Otto Mauthe was born in Derdingen (today Oberderdingen ) as the son of a forester . At first he was a medical officer in Herrenberg . In 1934 he joined the NSDAP .

Mauthe was senior medical advisor in the Württemberg Ministry of the Interior and since 1936 “ reporter for the insane as well as marriage and hereditary health issues ”. He was the deputy of Ministerialrat Eugen Stähle in Business Section X Medical Department and reported directly to it. The "euthanasia" campaign was directly in his area of ​​responsibility, he was "involved in its organization and implementation to a large extent [...]".

Mauthe and Karl Mailänder , the head of the Württemberg State Welfare Authority, examined the Grafeneck killing center together with a Baden official on May 24, 1939 . Grafeneck was later confiscated to carry out the "euthanasia" murders. On March 7, 1940 "begaffte" Mauthe along with steel and others in the grafeneck the gasification of a group of female victims.

After several denominational and privately run institutions initially refused to fill out registration forms, which were used by the T4 experts at the T4 central office to "select those to be killed" ( Werner Kirchert ), Mauthe and the state youth doctor Max Eyrich campaigned on site with particular persistence, partially filled out registration forms by hand and undertook “real patient selections”.

"In the list of state nurses I have marked all those with a blue triangle who do not work or work very little, have mostly been in the institution for a long time and do not come from the area [...]"

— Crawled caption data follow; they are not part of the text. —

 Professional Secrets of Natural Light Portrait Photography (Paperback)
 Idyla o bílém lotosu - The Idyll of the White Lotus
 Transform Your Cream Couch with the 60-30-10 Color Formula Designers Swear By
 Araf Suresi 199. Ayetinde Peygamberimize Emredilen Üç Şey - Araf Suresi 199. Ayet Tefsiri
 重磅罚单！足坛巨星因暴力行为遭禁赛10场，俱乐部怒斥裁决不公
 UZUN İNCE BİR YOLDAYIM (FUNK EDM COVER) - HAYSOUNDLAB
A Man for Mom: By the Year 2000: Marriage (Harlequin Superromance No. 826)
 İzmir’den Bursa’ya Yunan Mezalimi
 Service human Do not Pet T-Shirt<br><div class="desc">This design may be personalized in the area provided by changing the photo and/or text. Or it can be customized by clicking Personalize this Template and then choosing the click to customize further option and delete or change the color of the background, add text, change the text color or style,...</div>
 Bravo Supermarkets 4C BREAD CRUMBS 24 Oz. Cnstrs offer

- Otto Mauthe on March 19, 1940

In cooperation with the Reich Committee for the Scientific Assessment of Hereditary and Conventional Severe Ailments , Stahl und Mauthe also set up a - euphemistically named - " Children's Department " at the municipal children's homes and children's hospitals in Stuttgart . There, under the direction of Karl Lempp, children and newborns were murdered (“ child euthanasia ”).

Post-war period and Grafeneck trial

In the so-called Grafeneck trial , which began on June 8, 1949 at Hohentübingen Castle , Mauthe was charged with participating in the murder of 10,654 “mentally ill” patients as part of the “euthanasia” campaign. Max Eyrich , Alfons Stegmann , Martha Fauser as well as two detectives and two former carers stood with him in court . All other participants could not be found. Except for Fauser, the accused were not charged with the perpetrators, but only with aiding and abetting.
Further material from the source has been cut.